E-ISSN 2149-9934
A Case of Aortic Dissection Complicating Right Subclavian Artery Occlusion and Mimicking Inferior Myocardial Infarction
1 Department of Cardiology, Gebze Medikal Park Hospital, Kocaeli, Turkey  
2 Department of Cardiology, Keçiören Training and Research Hospital, Ankara, Turkey  
3 Department of Cardiology, Private Ümit Hospital, Eskişehir, Turkey  
4 Department of Cardiovascular Surgery, Medikalpark Tokat Hospital, Tokat, Turkey  
JEMCR 2017; 8: 40-42
DOI: 10.5152/jemcr.2016.1782
Key Words: Aortic dissection, myocardial infarction, subclavian artery occlusion

Introduction: Acute aortic dissection is the most common catastrophic event affecting the aorta. Aortic dissection can present with a wide range of manifestations and is easily misdiagnosed.

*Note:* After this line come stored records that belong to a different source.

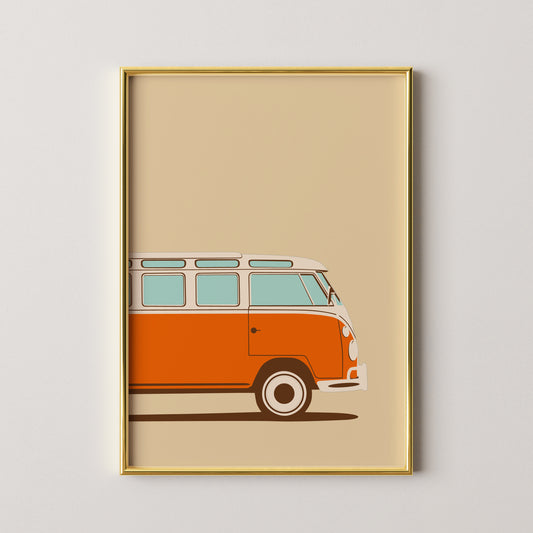 Orange Retro Bus Print
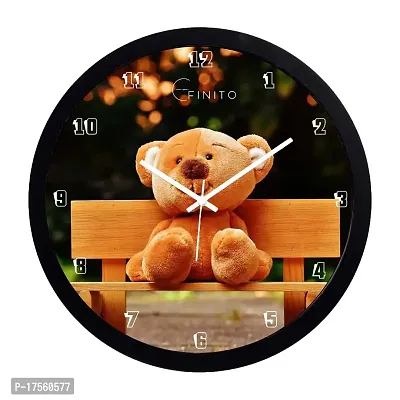 EFINITO 13 Inch Teddy Wall Clock for Home Living Room Office Bedroom Hall Kids Room Silent Movement-thumb0
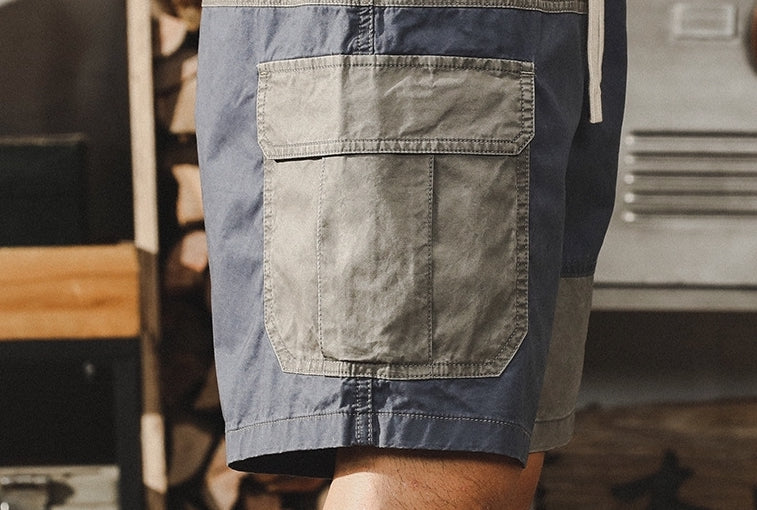 Rustic Two-Tone Cargo Shorts - Z202306272110_GB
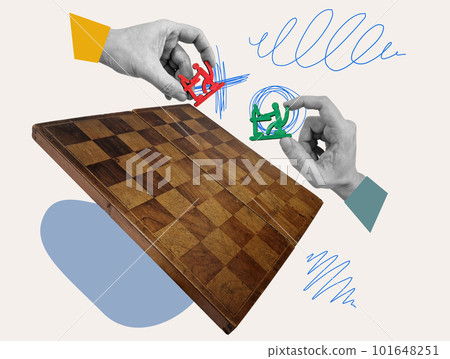 Collage with a chessboard and hands holding staff figures. Employee turnover and attrition. Collage with a chessboard and hands holding staff figures. Employee turnover and attrition. 101648251
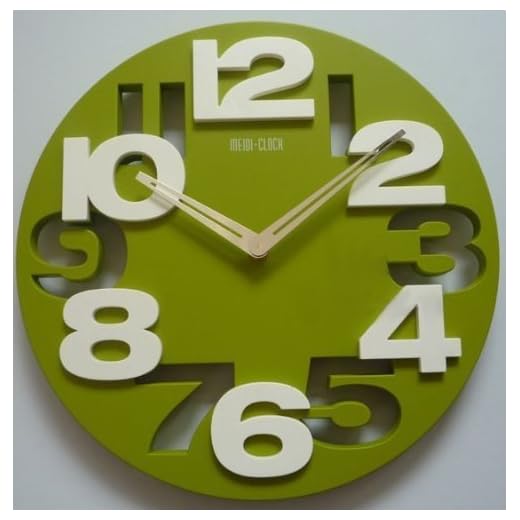 3D Big Digit Modern Contemporary Home Decor Round Wall Clock Green (GREEN, 1)
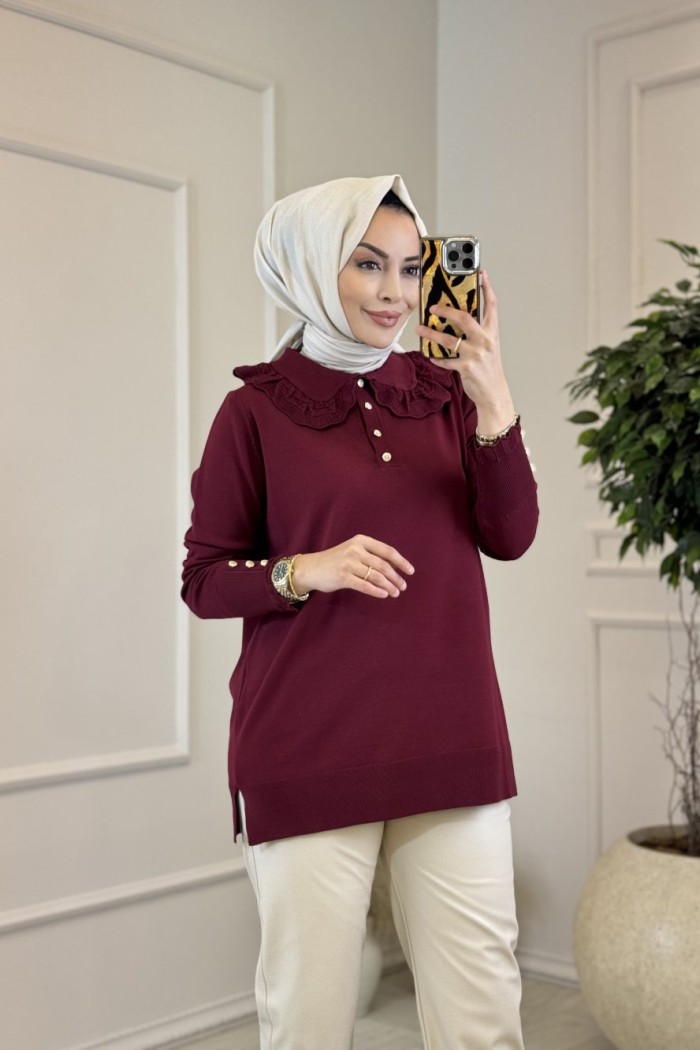 260 Dantelli Bebe Yaka Triko Tunik Bordo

Case Report: Here we report a case of aortic dissection that was initially misdiagnosed as inferior wall myocardial infarction although the initial symptoms were related to right subclavian artery occlusion caused by a dissection flap. Aortic dissection was diagnosed after the patient underwent coronary angiography. The patient was managed with immediate surgical repair and was discharged in a stable condition.


Conclusion: This case report illustrates the importance of having a high index of suspicion for aortic dissection to avoid a mistaken diagnosis in patients with an electrocardiogram (ECG) suggestive of ST elevation myocardial infarction (STEMI).